Creció en un barrio popular de Ciudad de México. “Una  favela, pero en plano”, dice sonriendo al recordar esas épocas de niño en las que su madre tenía una tienda de abarrotes en esa “favela” mexicana. Su primer muerto lo vio a los seis años: un alguien a quien le destrozaron a batazos el cráneo en una cancha de fútbol. Y cada vez que un alguien era asesinado fuera de la tienda de abarrotes, cerraban el negocio “pues en el barrio no se puede ser soplón”.

“Yo de niño cerraba mucho los ojos cuando esto pasaba”, recuerda, “pero cuando llegué al periodismo era momento de abrir la boca, de no cerrar los ojos y de ponerse a escribir”.

Almazán: “No sé para qué sirve el periodismo, pero sé que sirve para algo”.

Detesta a los pedófilos y a los secuestradores. Dice que contra ellos hay que actuar sin piedad y frontalmente, y en su mirada chispea una ira que le tensiona las facciones, a la par que dice “a ellos los voy a joder”. 

No tilda al periodismo como una labor mesiánica de un Moisés liberador de pueblos –visiones que muchos parecieran tener: los héroes con capas, los periodistas todopoderosos−. Pero sí cree que algún fin ha de tener este oficio. “No sé para qué sirve el periodismo, pero sé que sirve para algo”, y bajo esta consigna lucha por poner su grano de arena en el objetivo de crear una mejor sociedad. Y sus textos son un grito de “ya basta” contra las injusticias y la violencia en México.

Conexión México-Colombia: “los mexicanos tenemos la mala suerte de estar al lado de Estados Unidos”.

Al hablar sobre Colombia Alejandro Almazán denota cariño. Expresa que a México y a Colombia las une la alegría latinoamericana. Ese sabor, esa amabilidad que lo hacen sentir en el D.F. así esté en Medellín o Bogotá.

“La única frontera que nos separan son geográficas”, y resalta que tenemos la fortuna, como colombianos, de colindar con países latinoamericanos, hermanos. “Nosotros, en cambio, tenemos un pedo: y se llama Estados Unidos”.
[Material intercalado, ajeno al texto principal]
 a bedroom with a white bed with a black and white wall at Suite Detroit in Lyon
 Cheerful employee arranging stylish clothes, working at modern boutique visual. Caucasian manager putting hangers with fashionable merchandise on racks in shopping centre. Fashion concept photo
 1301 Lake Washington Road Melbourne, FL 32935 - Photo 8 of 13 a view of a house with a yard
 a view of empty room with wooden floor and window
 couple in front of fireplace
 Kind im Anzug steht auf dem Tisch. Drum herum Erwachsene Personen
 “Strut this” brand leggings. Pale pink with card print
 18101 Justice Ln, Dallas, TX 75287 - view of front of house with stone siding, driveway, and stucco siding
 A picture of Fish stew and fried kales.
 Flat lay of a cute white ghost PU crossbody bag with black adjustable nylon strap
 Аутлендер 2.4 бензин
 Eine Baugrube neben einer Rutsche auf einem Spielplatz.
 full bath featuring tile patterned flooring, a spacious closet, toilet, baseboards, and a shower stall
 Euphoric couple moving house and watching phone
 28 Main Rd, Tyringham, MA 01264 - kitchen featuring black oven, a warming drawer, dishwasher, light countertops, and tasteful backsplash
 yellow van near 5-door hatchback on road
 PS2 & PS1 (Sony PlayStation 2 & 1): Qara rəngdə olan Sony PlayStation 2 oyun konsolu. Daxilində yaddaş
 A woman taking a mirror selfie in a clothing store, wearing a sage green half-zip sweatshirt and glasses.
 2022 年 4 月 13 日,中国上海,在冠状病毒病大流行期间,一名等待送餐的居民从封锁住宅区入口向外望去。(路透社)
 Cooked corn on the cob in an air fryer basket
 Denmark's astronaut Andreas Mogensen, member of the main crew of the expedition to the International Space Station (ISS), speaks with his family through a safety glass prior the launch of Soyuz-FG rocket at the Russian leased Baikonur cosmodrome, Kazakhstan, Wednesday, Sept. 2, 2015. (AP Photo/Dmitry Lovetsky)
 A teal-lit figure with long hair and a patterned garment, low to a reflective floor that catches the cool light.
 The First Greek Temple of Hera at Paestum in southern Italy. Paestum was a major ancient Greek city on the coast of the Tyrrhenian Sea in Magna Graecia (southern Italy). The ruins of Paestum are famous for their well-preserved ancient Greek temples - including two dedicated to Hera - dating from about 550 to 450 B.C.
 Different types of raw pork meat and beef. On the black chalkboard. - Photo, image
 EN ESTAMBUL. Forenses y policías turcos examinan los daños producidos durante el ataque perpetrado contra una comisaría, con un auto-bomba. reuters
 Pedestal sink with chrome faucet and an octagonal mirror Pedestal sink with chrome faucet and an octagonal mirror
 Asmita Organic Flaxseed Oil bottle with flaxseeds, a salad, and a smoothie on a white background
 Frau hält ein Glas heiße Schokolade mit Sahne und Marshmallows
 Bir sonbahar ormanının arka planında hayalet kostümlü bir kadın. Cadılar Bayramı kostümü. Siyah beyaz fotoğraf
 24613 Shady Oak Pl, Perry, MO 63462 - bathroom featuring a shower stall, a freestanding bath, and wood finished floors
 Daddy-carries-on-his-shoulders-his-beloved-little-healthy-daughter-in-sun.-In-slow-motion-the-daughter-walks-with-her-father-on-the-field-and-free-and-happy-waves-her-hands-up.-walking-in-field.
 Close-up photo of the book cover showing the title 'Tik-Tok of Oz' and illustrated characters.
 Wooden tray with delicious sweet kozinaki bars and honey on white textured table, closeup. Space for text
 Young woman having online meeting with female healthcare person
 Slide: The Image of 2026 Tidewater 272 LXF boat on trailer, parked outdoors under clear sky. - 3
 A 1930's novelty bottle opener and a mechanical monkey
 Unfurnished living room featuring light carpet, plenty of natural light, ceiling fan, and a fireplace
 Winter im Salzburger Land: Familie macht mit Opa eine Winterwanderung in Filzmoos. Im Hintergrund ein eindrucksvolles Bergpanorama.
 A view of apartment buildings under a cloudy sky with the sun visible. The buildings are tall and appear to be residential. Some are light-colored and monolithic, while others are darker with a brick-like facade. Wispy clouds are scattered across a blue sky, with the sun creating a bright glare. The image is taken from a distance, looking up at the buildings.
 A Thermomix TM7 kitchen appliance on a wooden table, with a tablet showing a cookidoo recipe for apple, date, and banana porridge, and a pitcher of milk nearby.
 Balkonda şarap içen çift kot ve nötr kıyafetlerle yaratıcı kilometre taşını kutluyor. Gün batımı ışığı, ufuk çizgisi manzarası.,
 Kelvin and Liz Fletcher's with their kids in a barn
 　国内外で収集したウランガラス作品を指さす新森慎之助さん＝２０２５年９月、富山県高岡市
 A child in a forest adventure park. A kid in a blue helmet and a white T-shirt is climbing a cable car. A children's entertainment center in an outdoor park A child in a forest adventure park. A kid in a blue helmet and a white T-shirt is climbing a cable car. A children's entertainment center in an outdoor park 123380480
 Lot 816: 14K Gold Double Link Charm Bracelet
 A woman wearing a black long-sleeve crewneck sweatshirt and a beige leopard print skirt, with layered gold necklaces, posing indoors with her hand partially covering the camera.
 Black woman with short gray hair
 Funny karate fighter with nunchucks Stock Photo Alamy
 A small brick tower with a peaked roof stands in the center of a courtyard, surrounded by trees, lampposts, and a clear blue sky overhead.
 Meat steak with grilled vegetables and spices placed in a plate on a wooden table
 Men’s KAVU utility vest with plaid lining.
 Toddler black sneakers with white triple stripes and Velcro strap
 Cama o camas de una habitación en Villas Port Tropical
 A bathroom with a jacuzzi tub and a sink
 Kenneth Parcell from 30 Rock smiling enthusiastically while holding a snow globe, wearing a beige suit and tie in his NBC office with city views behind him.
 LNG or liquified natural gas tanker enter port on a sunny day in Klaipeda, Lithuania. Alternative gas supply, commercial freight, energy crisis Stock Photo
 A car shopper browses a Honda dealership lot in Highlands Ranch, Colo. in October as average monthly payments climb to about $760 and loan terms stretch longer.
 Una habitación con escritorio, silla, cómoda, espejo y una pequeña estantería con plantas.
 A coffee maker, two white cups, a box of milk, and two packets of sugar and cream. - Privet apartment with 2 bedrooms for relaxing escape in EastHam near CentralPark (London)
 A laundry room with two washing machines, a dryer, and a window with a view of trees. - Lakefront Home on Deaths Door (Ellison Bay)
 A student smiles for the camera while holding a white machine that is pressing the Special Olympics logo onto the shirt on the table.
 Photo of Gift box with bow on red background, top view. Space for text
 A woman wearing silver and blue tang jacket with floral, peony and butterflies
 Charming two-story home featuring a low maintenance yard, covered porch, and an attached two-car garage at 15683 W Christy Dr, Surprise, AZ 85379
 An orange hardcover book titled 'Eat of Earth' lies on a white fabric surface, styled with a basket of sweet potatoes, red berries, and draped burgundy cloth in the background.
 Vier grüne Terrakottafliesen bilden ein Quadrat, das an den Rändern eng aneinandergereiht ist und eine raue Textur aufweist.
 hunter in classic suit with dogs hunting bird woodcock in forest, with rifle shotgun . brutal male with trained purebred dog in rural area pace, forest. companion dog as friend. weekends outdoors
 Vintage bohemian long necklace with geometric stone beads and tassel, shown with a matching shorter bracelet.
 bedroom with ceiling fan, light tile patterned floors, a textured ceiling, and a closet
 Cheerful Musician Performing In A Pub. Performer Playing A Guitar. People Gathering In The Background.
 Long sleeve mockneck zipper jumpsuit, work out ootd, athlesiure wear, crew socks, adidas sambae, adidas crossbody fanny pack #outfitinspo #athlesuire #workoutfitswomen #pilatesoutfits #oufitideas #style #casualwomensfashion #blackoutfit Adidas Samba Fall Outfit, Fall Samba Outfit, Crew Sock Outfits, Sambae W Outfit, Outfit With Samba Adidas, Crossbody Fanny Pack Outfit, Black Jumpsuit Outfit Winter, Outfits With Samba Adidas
Hay un dicho que dice que ‘no hay mal que por bien no venga’, y Alejandro se alegra al saber que ese vecino del norte, esos gringos, han reforzado el sentir patrio de una cultura que grita a los cuatro vientos “¡Viva México, cabrones!”

Ve en Colombia –con sus problemas actuales, con sus rezagos del pasado tortuoso que tal vez nunca nos abandone del todo− un modelo para superar los problemas que México tiene con la guerra de los narcos.

“No somos muy distintos. Somos más parecidos de lo que creemos. Hasta en el crimen: sus sicarios van y le rezan a la virgen, los nuestros también”, hace el paralelo entre mexicanos y colombianos, “mis carnales” como nos llama.

Lo que nos falta para ser más hermanos, para ser más productivos conjuntamente es “enseñarnos mutuamente, pues somos muy, muy iguales”.